News24

City of Johannesburg loses eviction case

2011-12-01 19:02

Johannesburg - The City of Johannesburg must provide emergency housing for 86 people to be evicted from a building earmarked for redevelopment in Berea, according to a judgment handed down on Thursday.

The Constitutional Court also found the city's housing policy was inconsistent with its housing obligation, and unconstitutional because it did not provide accommodation for people in an emergency situation.

It rejected the city's argument that even if it did have an obligation to provide temporary accommodation in such cases, it did not have the means to do so.

"The court was not persuaded that the city did not have sufficient resources to provide accommodation for the occupiers, holding that the city had wrongly budgeted on the basis that it was not obliged to provide them with emergency housing."

The judgment dealt with when it would be just and equitable under the Prevention of Illegal Eviction from and Unlawful Occupation of Land Act (PIE) to evict unlawful occupiers from private property.

It was common cause that the occupiers of the building were unlawful.

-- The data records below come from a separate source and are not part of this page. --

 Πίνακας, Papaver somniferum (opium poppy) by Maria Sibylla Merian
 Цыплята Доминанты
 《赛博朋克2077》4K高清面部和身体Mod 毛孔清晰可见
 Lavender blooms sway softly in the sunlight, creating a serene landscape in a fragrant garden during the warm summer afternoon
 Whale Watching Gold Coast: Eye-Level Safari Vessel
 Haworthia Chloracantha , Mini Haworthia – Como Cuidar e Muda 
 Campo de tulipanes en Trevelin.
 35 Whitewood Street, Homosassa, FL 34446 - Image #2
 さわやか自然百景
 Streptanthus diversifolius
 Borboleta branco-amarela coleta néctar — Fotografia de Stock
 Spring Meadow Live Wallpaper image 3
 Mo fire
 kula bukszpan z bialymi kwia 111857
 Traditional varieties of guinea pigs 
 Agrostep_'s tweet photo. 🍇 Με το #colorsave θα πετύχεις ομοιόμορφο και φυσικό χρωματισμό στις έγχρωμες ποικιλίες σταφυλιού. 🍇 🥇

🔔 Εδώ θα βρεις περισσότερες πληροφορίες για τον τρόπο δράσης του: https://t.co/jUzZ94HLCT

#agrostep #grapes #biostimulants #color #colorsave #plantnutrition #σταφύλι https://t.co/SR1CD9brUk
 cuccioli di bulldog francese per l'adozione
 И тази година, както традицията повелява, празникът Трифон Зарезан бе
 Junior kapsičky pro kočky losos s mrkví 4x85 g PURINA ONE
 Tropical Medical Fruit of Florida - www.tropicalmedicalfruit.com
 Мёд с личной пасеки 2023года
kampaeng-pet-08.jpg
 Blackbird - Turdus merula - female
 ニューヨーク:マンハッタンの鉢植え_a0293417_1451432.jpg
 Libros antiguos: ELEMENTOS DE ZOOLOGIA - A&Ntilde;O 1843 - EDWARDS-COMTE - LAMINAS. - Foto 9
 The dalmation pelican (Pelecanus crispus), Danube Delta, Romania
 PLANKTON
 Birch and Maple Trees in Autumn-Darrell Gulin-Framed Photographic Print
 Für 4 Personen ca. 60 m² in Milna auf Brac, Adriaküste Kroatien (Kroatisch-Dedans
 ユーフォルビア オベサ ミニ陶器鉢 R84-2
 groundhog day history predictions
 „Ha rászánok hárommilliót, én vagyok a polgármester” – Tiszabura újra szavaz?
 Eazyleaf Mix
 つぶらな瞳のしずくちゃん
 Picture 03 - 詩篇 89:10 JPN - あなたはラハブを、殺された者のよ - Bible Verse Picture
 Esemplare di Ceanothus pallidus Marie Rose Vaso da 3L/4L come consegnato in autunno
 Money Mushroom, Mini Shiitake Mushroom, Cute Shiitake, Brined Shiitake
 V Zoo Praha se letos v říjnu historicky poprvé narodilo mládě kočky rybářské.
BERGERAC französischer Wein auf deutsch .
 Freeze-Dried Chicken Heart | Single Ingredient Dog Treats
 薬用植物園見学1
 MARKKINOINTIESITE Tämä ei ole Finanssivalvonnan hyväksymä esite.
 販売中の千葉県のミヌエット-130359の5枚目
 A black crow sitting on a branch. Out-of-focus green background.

But they had been living in the building in abysmal conditions for a long time, and had paid rent, although no record of the rent to the present owner through a third party could be found.

Owners of the property, Blue Moonlight, bought the property in 2004 but met resistance when it wanted to redevelop it. The building was also a fire risk.

The occupants, who brought in around just over R1 000 per household, did not want to move because they would be homeless and away from their sources of income.

They tried to raise the matter with the housing tribunal, but eventually the issue went to court.

The city must, by April 1 2012, provide the occupiers whose names are on a list filed on April 30 2008, with temporary accommodation as near as possible to the Berea property.

Comments
  • cameronjohnprice - 2011-12-01 19:29

    Damn right - you can't just kick people out. Maybe the Government should party less and work more (or was that spend less money on party and more on the people) or both?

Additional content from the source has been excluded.